Jean-Philippe Muvien

par Sophie Chambon le 22/02/2007

Note: 9.0    

"Commencer par quelque chose qui finit", Jean-Philippe Muvien aime ça. C'est ainsi que débute ce "Trio live", sur l'apaisement d'une improvisation de près d'un quart d'heure, pendant un concert enregistré au Triton, salle des Lilas. Jean Philippe Muvien sort son quatrième album, le deuxième sur son propre label Allgorythm, capté en novembre 2005.

L‘aventure continue donc pour le jeune guitariste qui s'est recréé une famille, du grand ordonnateur, Daniel Humair, rencontré au CNSM en 1999, au maître Jean-Paul Celéa, contrebassiste proche du batteur, jusqu'au concepteur de la pochette Philippe Ghielmetti, dont on reconnaît le graphisme. Jean Philippe Muvien depuis son inaugural "Vive les jongleurs" (un des titres fétiche qu'il joue régulièrement) continue à travailler sur les textures sonores. Il avoue en souriant que le son est aussi important que le phrasé, que le travail commence avec le retour par l'ampli, véritable mise en abyme sonore. Inspiré - comment pourrait il en être autrement ! - par les distorsions, buzz et autres fuzz qui rendirent la guitare électrique maîtresse des seventies, il parvient à nous faire entrer dès la première écoute dans son univers, aux réminiscences aimées.

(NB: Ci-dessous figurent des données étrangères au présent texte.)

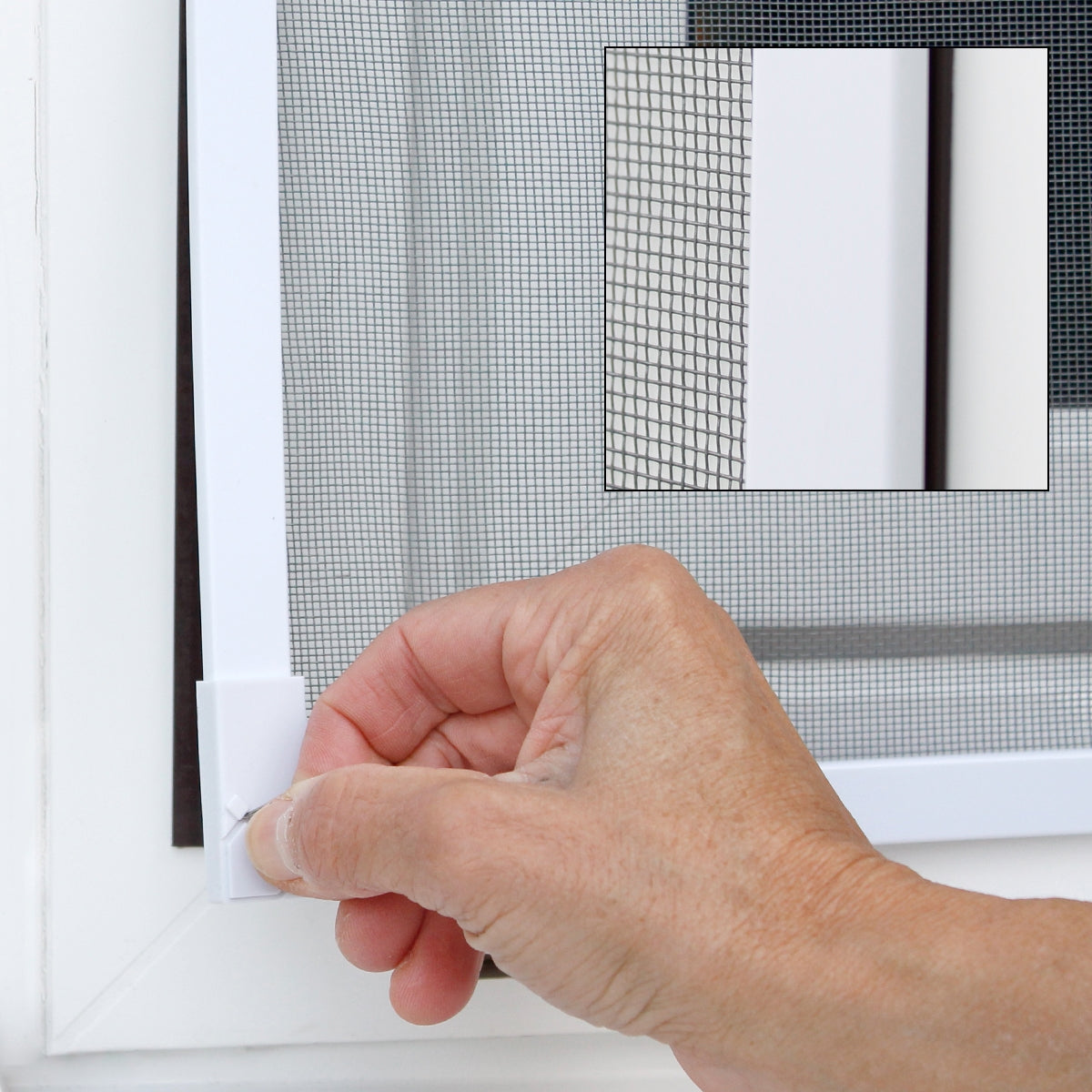 Hand touching a white frame with an insect screen.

Sans piano, ce trio au son unique, illustre le niveau de maîtrise auquel sont parvenus ces musiciens. L'espace ne manque pas dans cette musique à la fois construite et ouverte. On aime toujours les irisations de la guitare de Jean Philippe Muvien, sa vivacité cinglante, le jeu des harmonies décalées. Sept compositions particulièrement enlevées, souvent co-écrites par le guitariste et le batteur, tiennent sur une longueur idéale de 46 minutes. Comme dans le précédent album, "Air libre", enregistré à la même période, Jean Philippe Muvien parvient à donner consistance à son projet de concilier l'invention de l'instant et le respect des règles du rebondissement comme dans "Complètement, complètement". Un travail de funambule plus encore que de jongleur, mais le spectacle est présent.

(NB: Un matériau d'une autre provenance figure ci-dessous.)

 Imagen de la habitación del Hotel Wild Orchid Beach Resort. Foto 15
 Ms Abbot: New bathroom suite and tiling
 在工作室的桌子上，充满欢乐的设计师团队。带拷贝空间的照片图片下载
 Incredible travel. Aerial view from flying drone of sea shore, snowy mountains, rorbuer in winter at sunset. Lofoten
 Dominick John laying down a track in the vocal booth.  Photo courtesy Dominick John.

Avec cet humour un peu potache qui transparaît dès les titres - "Couscous purée", "Lou et le pote âgé" - on sent bien que le trio s'amuse mais avec une légèreté sérieuse : une musique qui respire, électrisante, impatiente, mais aussi tendre et lancinante ("Autre motif").
On écrivait pour "Air libre" que le guitariste avait trouvé en Daniel Humair un partenaire idéal. On persiste à le dire avec ce nouvel album : si ces deux là font la paire, Jean Paul Celea tire son épingle du jeu, troisième homme d'un trio un peu fou. Les entendre jouer de concert est un régal, ils ont tous les trois l'art et la manière de nous entraîner dans un tourbillon vivant et ludique.